***** PROVIDED DATA
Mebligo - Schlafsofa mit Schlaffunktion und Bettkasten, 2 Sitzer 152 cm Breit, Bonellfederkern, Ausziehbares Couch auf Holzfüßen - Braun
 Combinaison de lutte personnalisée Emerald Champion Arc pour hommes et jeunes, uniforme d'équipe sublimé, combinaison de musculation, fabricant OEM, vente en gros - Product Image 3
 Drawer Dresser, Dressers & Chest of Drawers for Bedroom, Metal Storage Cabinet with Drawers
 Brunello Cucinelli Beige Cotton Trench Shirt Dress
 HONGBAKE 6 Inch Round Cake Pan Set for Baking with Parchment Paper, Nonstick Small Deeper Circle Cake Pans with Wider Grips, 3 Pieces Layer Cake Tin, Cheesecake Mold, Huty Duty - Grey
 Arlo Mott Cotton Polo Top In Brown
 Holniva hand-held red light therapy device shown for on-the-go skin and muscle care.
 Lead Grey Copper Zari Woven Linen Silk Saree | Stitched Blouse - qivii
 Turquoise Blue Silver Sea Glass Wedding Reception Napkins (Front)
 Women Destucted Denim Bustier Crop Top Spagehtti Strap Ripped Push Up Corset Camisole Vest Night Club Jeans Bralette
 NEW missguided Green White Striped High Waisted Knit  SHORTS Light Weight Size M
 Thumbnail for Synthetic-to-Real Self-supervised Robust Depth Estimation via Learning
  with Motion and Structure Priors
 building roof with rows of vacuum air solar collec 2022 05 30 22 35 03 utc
**********
> [WHAT IS NEEDED]: What you give back should be exactly the lines of the data above from the line with "Turquoise Blue Silver" through the line with "Women Destucted Denim", both of those included, and nothing more.

> [RESPONSE]:
 Turquoise Blue Silver Sea Glass Wedding Reception Napkins (Front)
 Women Destucted Denim Bustier Crop Top Spagehtti Strap Ripped Push Up Corset Camisole Vest Night Club Jeans Bralette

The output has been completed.